The problem: Find the line with "Ein überdachter Patio-Bereich" in the records below. Output exactly from there until after the line with "Carefree couple walking", without pictures.

Record excerpts:

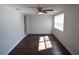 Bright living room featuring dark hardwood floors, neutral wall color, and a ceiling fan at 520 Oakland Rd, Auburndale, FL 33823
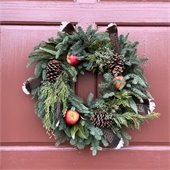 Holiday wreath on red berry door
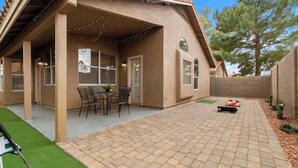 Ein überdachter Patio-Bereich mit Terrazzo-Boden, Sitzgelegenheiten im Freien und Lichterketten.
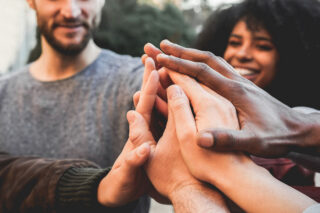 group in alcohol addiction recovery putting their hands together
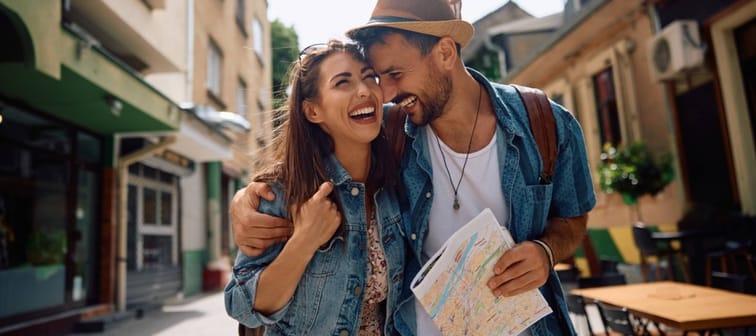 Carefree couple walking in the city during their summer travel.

...

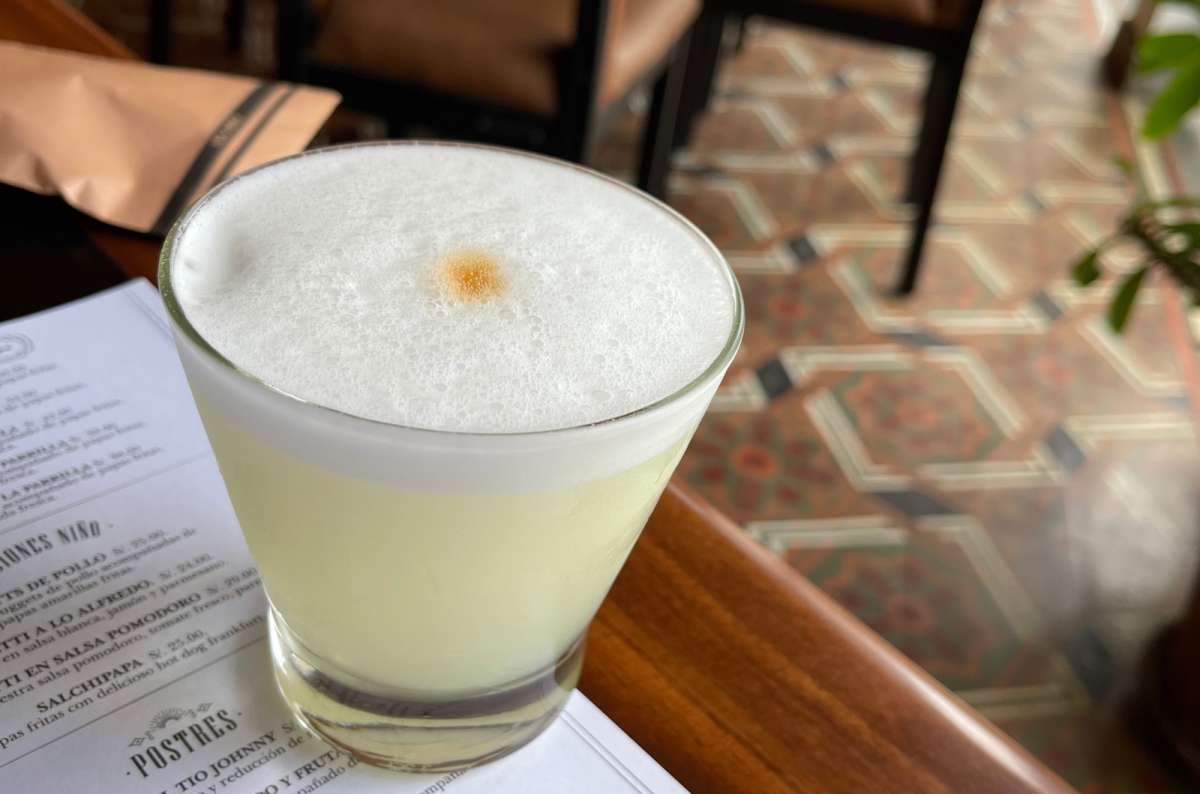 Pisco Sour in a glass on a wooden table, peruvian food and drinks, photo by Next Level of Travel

Answer to this task:
 Ein überdachter Patio-Bereich mit Terrazzo-Boden, Sitzgelegenheiten im Freien und Lichterketten.
 group in alcohol addiction recovery putting their hands together
 Carefree couple walking in the city during their summer travel.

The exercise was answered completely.